:: SOURCE DATA ::
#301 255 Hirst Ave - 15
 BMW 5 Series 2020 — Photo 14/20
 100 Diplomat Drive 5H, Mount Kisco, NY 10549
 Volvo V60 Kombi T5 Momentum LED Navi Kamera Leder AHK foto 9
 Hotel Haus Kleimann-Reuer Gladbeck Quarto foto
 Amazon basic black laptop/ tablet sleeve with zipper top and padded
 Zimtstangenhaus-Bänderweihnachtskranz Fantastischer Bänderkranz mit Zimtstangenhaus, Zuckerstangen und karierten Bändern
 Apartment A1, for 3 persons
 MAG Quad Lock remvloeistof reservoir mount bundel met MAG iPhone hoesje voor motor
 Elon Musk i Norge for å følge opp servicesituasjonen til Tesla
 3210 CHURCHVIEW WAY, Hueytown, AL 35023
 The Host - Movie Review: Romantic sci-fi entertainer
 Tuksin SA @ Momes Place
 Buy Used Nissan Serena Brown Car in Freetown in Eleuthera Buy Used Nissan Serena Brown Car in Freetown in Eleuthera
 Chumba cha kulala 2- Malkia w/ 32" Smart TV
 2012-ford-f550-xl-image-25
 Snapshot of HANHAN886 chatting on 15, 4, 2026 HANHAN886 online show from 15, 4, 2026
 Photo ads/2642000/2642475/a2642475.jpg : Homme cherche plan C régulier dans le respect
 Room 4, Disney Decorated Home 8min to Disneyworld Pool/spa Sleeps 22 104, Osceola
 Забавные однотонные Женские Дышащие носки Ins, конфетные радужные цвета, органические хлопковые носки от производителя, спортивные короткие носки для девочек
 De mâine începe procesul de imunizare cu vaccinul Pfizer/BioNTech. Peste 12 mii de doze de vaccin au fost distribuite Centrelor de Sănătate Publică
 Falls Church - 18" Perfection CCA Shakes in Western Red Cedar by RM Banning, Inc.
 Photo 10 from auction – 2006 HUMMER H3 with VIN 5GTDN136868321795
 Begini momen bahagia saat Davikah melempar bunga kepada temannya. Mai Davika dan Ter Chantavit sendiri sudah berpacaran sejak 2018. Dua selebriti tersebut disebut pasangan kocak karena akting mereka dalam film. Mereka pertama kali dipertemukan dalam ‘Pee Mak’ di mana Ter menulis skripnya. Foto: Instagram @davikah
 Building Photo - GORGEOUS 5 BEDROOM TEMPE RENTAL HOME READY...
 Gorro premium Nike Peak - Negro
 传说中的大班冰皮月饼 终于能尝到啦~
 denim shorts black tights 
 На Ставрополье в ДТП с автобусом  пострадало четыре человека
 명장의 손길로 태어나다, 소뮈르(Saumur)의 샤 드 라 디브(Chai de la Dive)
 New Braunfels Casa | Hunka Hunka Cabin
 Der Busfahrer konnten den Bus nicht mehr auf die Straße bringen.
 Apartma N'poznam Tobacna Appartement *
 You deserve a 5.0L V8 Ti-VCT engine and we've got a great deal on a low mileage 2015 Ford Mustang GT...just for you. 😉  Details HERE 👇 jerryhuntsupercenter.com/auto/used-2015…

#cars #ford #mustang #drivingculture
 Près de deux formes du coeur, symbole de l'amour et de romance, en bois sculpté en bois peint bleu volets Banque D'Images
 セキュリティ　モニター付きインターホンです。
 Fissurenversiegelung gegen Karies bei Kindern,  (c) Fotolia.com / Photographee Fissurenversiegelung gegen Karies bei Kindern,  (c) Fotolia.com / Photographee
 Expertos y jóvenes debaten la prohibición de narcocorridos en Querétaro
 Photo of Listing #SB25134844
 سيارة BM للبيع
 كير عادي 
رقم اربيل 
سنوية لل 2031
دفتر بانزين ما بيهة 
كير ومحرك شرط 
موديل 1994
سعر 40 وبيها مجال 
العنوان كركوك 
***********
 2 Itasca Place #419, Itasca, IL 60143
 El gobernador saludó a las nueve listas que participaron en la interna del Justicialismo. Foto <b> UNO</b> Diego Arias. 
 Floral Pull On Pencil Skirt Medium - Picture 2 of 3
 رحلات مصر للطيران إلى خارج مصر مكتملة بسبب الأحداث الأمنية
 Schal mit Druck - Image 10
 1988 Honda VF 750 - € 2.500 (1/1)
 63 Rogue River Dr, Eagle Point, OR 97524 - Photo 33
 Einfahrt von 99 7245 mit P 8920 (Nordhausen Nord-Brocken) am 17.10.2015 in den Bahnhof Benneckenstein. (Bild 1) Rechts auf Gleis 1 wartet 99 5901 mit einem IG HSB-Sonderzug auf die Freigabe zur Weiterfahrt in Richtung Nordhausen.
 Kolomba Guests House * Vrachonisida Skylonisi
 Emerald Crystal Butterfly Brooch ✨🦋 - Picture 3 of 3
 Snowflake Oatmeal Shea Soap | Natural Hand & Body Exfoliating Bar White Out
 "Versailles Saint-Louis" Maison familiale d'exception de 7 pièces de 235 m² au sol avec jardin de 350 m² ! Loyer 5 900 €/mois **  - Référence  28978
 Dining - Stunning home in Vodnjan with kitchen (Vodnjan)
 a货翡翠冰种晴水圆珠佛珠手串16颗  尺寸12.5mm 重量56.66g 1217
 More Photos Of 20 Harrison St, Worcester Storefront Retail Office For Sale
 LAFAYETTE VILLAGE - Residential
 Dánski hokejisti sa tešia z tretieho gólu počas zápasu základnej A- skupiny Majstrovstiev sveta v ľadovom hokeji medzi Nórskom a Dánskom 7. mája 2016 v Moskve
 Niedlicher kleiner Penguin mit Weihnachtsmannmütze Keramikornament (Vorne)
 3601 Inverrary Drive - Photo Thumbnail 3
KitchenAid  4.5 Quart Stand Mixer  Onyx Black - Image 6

:: WHAT IS EXPECTED ::
Across the listing above, how many lines carry "from"? Give only the number.

:: SOLUTION ::
2